WHAT YOU ARE ASKED TO DO: Exact duplicates of the lines from the top of the data through the line containing "Rotating Clip Advantus" are needed, with every picture left out.

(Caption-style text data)
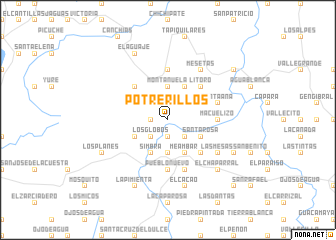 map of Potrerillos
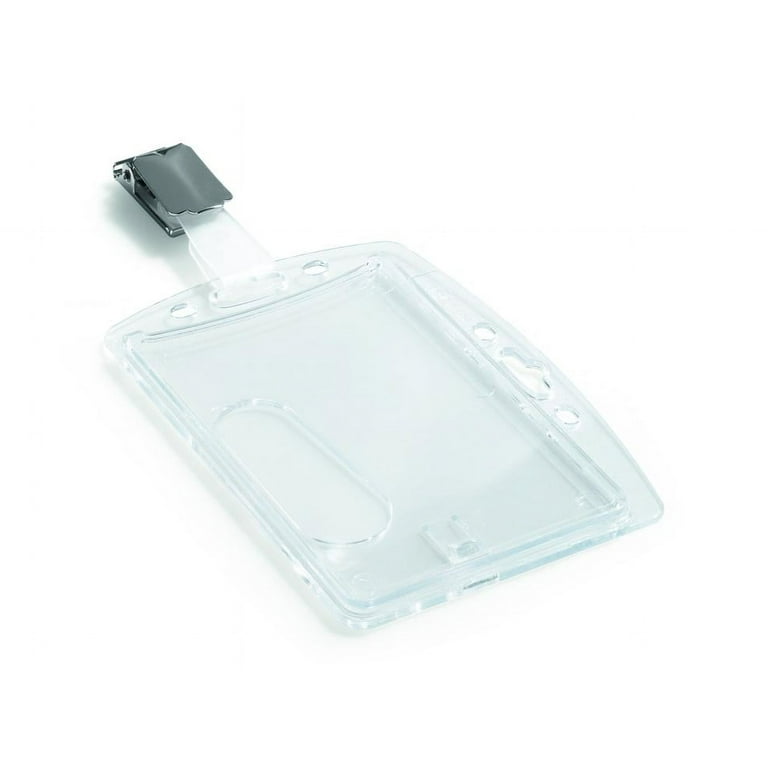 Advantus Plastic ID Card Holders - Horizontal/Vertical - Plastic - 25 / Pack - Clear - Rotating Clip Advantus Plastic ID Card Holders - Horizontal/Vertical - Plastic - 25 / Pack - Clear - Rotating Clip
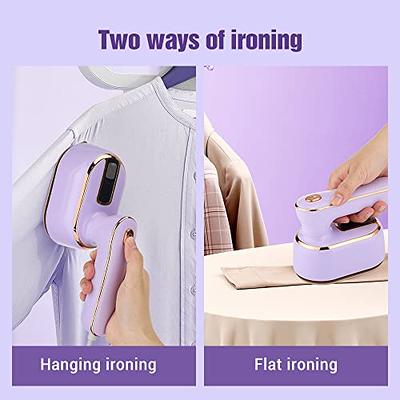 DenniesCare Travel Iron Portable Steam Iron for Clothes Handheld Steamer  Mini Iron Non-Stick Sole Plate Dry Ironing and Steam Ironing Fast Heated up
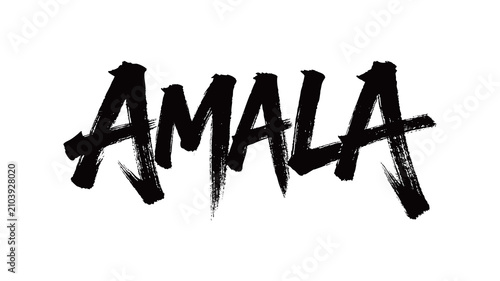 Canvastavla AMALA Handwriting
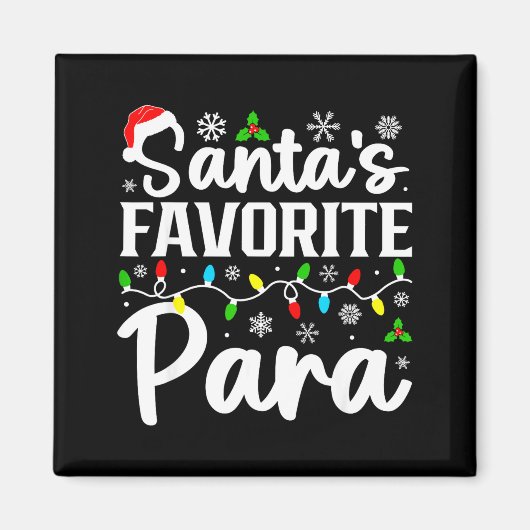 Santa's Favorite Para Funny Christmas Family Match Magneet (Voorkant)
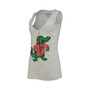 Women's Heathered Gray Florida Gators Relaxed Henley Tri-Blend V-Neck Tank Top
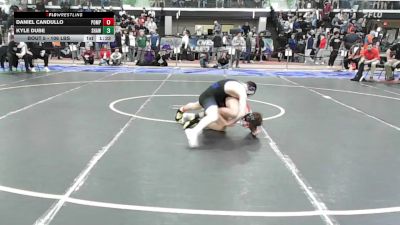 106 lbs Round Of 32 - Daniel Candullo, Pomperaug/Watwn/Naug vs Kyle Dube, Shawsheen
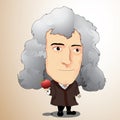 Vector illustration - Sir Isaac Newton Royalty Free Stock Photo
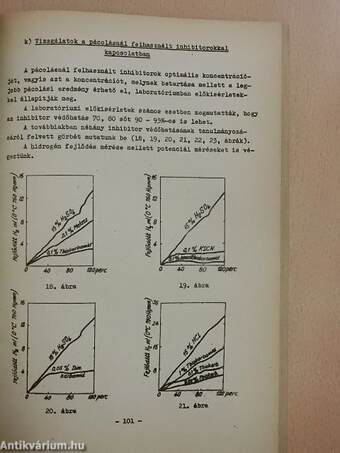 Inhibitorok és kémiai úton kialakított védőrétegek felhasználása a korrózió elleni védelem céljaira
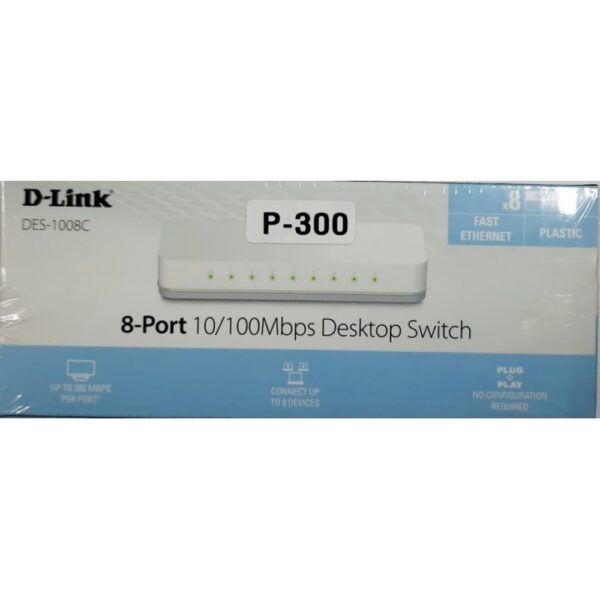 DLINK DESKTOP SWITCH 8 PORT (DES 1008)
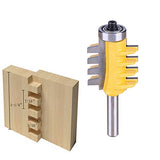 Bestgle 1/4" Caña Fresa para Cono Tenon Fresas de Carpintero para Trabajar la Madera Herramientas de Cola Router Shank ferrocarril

RESPONSE BELOW:
 map of Potrerillos
 Advantus Plastic ID Card Holders - Horizontal/Vertical - Plastic - 25 / Pack - Clear - Rotating Clip Advantus Plastic ID Card Holders - Horizontal/Vertical - Plastic - 25 / Pack - Clear - Rotating Clip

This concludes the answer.